[What the exercise asks] Could you copy exactly the lines below from the one with "186 Paris St, Boston, MA 02128 - Photo 11" to the one with "Bedrug_ClassicBedliner_Nissan_BRN22CCK_RightAngle.jpg", inclusive, leaving out any pictures?

[Given records]
§

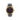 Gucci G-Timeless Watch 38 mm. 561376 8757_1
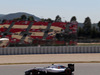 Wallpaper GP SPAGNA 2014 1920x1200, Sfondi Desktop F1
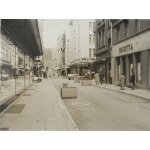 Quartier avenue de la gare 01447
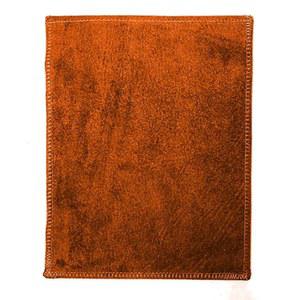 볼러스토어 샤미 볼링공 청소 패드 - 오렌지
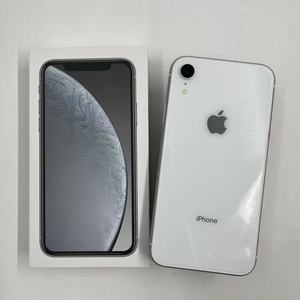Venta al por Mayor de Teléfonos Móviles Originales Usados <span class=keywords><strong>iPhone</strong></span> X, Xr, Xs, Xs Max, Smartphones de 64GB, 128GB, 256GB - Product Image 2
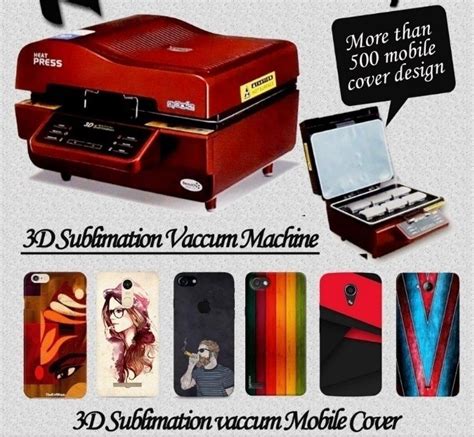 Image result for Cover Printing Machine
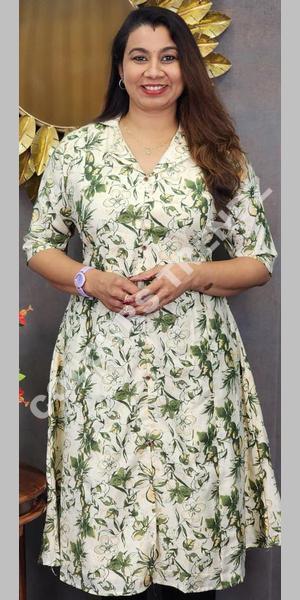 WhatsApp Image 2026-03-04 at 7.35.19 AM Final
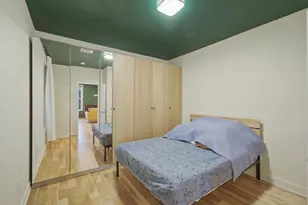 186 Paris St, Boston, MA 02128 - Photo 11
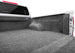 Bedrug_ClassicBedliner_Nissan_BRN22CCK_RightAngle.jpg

§

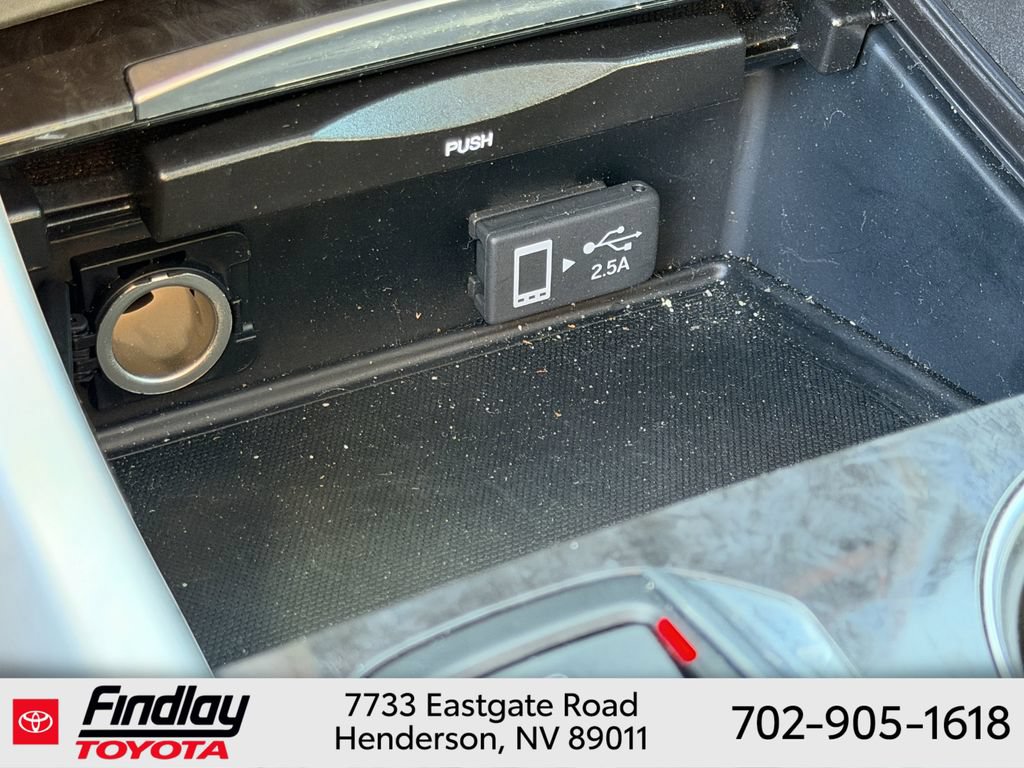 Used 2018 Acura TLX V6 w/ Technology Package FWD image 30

§

[Solution]
 186 Paris St, Boston, MA 02128 - Photo 11
 Bedrug_ClassicBedliner_Nissan_BRN22CCK_RightAngle.jpg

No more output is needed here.